• [LISTED ENTRIES]
__________________________________________________

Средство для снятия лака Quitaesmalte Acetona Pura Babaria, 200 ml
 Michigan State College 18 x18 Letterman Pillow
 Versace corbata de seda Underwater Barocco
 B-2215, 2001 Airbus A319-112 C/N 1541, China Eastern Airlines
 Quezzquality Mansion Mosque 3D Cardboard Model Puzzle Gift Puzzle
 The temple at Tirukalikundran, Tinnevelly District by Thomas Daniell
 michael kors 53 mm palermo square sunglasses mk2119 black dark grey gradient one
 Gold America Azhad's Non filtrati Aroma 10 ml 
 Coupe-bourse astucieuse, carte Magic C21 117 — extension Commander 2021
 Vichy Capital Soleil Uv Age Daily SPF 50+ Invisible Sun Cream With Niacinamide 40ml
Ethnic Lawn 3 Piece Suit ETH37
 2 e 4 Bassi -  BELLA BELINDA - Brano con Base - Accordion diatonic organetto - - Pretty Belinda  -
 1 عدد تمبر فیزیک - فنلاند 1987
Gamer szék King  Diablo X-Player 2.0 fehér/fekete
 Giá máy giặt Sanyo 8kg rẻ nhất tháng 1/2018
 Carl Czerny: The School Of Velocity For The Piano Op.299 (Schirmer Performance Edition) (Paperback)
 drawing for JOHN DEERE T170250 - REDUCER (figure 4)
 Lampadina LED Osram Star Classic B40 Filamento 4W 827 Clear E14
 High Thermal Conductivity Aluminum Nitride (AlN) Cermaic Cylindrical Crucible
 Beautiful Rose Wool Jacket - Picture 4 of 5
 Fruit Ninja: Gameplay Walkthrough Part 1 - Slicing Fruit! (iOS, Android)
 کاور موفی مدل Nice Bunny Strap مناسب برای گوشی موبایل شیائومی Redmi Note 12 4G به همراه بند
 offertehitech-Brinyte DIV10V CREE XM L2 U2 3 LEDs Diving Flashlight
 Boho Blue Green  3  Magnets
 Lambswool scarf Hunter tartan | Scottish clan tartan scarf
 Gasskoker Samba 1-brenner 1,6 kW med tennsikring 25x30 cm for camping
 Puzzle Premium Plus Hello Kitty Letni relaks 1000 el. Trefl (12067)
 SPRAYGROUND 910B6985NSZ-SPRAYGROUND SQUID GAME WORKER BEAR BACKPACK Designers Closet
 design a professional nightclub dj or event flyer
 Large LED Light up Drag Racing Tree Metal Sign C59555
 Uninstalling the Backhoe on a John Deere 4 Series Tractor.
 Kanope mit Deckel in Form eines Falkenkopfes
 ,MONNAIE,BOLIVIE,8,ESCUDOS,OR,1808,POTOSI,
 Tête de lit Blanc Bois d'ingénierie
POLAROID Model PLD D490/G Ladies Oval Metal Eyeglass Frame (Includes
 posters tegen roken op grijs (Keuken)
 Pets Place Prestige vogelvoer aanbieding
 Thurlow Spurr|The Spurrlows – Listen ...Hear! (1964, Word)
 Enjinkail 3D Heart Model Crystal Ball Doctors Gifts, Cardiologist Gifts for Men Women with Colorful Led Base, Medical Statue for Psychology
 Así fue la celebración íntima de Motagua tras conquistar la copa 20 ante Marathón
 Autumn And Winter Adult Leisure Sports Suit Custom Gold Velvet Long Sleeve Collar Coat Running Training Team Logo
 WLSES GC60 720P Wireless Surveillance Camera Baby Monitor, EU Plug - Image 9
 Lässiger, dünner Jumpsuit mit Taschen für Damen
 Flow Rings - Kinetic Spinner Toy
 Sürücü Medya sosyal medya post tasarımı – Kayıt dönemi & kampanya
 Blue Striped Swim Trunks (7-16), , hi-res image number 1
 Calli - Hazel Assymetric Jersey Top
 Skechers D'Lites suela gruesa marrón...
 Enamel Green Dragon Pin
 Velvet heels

__________________________________________________

What goes in the answer is the run of lines from the one holding "design a professional" to the end of the entries, reproduced exactly and with nothing else.

• [EXERCISE RESPONSE]
 design a professional nightclub dj or event flyer
 Large LED Light up Drag Racing Tree Metal Sign C59555
 Uninstalling the Backhoe on a John Deere 4 Series Tractor.
 Kanope mit Deckel in Form eines Falkenkopfes
 ,MONNAIE,BOLIVIE,8,ESCUDOS,OR,1808,POTOSI,
 Tête de lit Blanc Bois d'ingénierie
POLAROID Model PLD D490/G Ladies Oval Metal Eyeglass Frame (Includes
 posters tegen roken op grijs (Keuken)
 Pets Place Prestige vogelvoer aanbieding
 Thurlow Spurr|The Spurrlows – Listen ...Hear! (1964, Word)
 Enjinkail 3D Heart Model Crystal Ball Doctors Gifts, Cardiologist Gifts for Men Women with Colorful Led Base, Medical Statue for Psychology
 Así fue la celebración íntima de Motagua tras conquistar la copa 20 ante Marathón
 Autumn And Winter Adult Leisure Sports Suit Custom Gold Velvet Long Sleeve Collar Coat Running Training Team Logo
 WLSES GC60 720P Wireless Surveillance Camera Baby Monitor, EU Plug - Image 9
 Lässiger, dünner Jumpsuit mit Taschen für Damen
 Flow Rings - Kinetic Spinner Toy
 Sürücü Medya sosyal medya post tasarımı – Kayıt dönemi & kampanya
 Blue Striped Swim Trunks (7-16), , hi-res image number 1
 Calli - Hazel Assymetric Jersey Top
 Skechers D'Lites suela gruesa marrón...
 Enamel Green Dragon Pin
 Velvet heels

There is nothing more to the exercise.